**WHAT IS REQUIRED**: In the entries below, find the line with "Fotografie by Daniela" and the line with "The Wild Unknown Archetypes Deck". Reproduce those two lines and every line between them exactly, and nothing more.

(Scraped caption text data)
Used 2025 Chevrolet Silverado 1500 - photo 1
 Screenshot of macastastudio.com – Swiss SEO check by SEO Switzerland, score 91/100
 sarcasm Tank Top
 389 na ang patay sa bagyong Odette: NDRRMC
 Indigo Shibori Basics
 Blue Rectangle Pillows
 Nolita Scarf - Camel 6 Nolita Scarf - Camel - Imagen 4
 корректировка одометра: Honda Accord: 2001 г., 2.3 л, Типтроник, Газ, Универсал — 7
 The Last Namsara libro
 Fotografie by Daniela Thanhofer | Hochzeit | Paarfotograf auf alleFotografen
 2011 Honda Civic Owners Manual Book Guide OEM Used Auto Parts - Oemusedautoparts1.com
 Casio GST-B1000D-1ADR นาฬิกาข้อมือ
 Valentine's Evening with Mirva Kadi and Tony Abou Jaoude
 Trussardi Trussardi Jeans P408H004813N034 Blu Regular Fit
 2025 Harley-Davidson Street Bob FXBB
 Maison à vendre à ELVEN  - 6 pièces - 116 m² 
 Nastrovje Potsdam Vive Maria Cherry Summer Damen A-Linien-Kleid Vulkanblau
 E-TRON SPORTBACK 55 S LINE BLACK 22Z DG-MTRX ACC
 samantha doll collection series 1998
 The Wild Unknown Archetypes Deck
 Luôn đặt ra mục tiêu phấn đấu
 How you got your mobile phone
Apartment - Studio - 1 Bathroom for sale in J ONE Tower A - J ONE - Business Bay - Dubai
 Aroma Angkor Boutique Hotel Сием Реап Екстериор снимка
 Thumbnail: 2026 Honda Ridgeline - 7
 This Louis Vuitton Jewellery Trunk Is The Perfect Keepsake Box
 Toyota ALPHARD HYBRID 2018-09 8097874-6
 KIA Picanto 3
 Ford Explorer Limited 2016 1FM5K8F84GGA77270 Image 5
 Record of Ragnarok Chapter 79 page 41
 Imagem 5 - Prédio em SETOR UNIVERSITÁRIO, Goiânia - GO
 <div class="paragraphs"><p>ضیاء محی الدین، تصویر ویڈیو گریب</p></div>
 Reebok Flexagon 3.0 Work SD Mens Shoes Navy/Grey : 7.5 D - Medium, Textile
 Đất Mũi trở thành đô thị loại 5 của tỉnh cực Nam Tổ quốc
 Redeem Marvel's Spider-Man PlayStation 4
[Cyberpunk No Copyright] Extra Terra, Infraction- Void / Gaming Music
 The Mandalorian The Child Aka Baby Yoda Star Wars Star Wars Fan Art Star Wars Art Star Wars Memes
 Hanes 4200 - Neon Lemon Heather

**COMPLETED EXERCISE**:
 Fotografie by Daniela Thanhofer | Hochzeit | Paarfotograf auf alleFotografen
 2011 Honda Civic Owners Manual Book Guide OEM Used Auto Parts - Oemusedautoparts1.com
 Casio GST-B1000D-1ADR นาฬิกาข้อมือ
 Valentine's Evening with Mirva Kadi and Tony Abou Jaoude
 Trussardi Trussardi Jeans P408H004813N034 Blu Regular Fit
 2025 Harley-Davidson Street Bob FXBB
 Maison à vendre à ELVEN  - 6 pièces - 116 m² 
 Nastrovje Potsdam Vive Maria Cherry Summer Damen A-Linien-Kleid Vulkanblau
 E-TRON SPORTBACK 55 S LINE BLACK 22Z DG-MTRX ACC
 samantha doll collection series 1998
 The Wild Unknown Archetypes Deck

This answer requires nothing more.